Instructions to follow
Write out the data exactly, keeping every line.
+++ Dataset records +++
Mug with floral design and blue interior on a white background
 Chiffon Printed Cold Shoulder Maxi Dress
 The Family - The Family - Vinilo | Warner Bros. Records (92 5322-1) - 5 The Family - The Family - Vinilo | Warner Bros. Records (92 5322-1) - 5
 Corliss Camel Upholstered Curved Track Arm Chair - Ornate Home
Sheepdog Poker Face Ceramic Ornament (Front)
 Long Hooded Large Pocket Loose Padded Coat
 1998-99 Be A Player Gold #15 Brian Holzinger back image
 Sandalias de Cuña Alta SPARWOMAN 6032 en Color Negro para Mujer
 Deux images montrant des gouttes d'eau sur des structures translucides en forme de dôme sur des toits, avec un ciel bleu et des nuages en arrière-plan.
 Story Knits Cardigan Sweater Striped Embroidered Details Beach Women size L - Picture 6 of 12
+++
Your response
Mug with floral design and blue interior on a white background
 Chiffon Printed Cold Shoulder Maxi Dress
 The Family - The Family - Vinilo | Warner Bros. Records (92 5322-1) - 5 The Family - The Family - Vinilo | Warner Bros. Records (92 5322-1) - 5
 Corliss Camel Upholstered Curved Track Arm Chair - Ornate Home
Sheepdog Poker Face Ceramic Ornament (Front)
 Long Hooded Large Pocket Loose Padded Coat
 1998-99 Be A Player Gold #15 Brian Holzinger back image
 Sandalias de Cuña Alta SPARWOMAN 6032 en Color Negro para Mujer
 Deux images montrant des gouttes d'eau sur des structures translucides en forme de dôme sur des toits, avec un ciel bleu et des nuages en arrière-plan.
 Story Knits Cardigan Sweater Striped Embroidered Details Beach Women size L - Picture 6 of 12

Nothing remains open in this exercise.